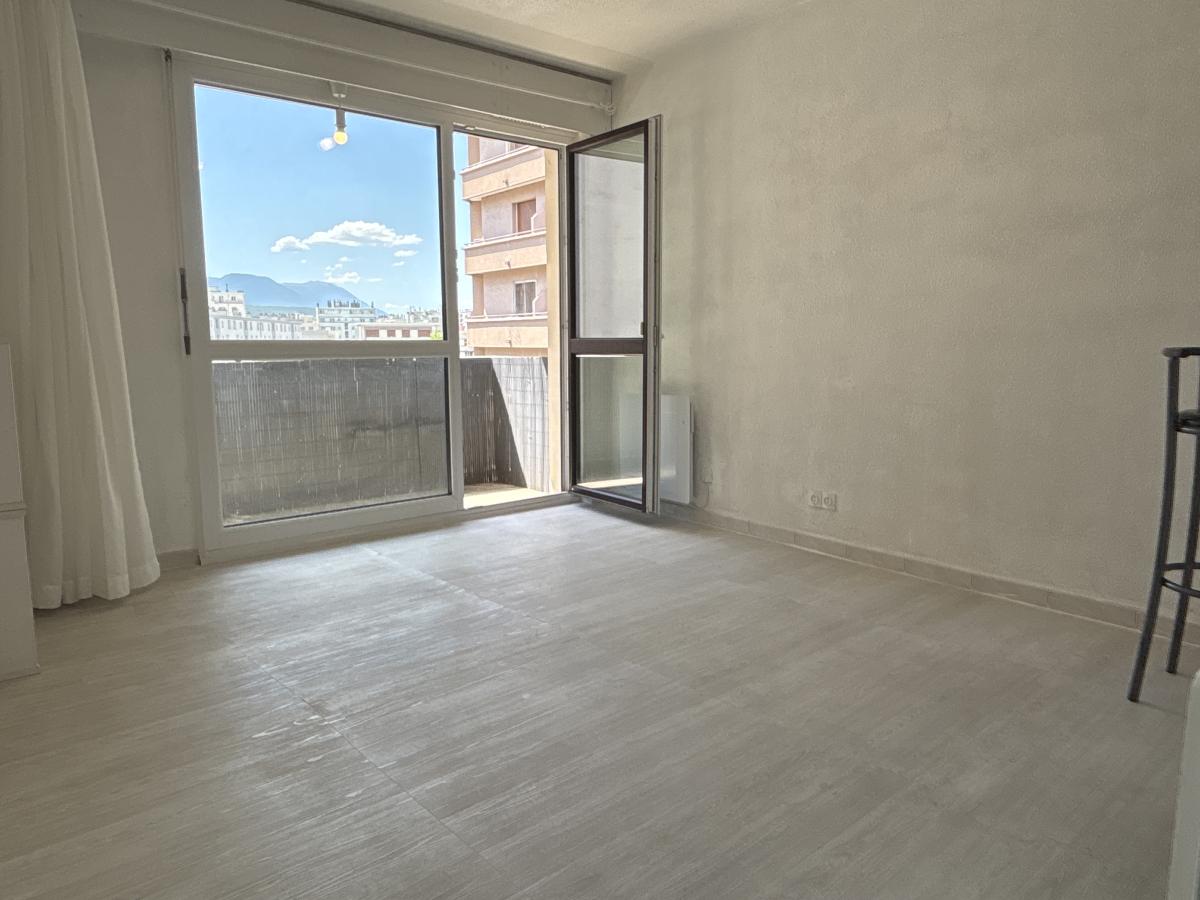 Appartement 2 pièces 33 m² · à Grenoble · 33,1 m² · 106 000 €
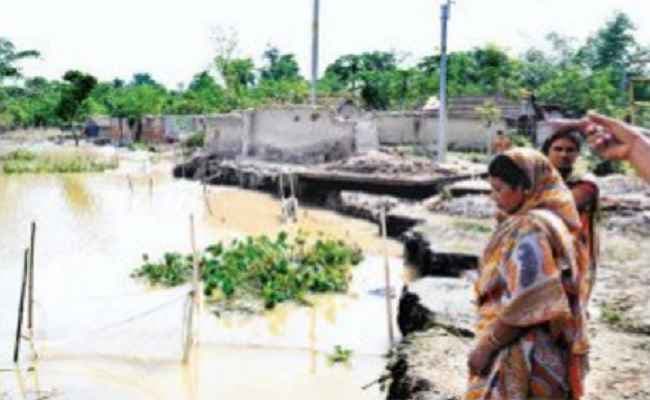 मालदा : बाढ़ से हालात और बिगड़े, अब तक दो की मौत
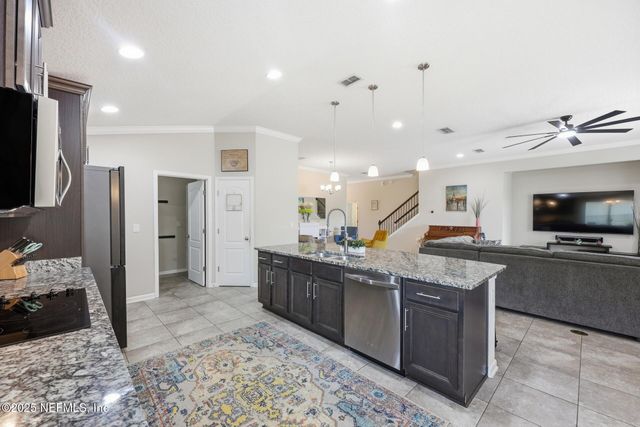 75057 FERN CREEK Drive, Yulee, FL 32097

---

* _Exercise brief_
Since the pictures are not wanted, transcribe the rest of the listing above exactly.

* _Your solution_
 Appartement 2 pièces 33 m² · à Grenoble · 33,1 m² · 106 000 €
 मालदा : बाढ़ से हालात और बिगड़े, अब तक दो की मौत
 75057 FERN CREEK Drive, Yulee, FL 32097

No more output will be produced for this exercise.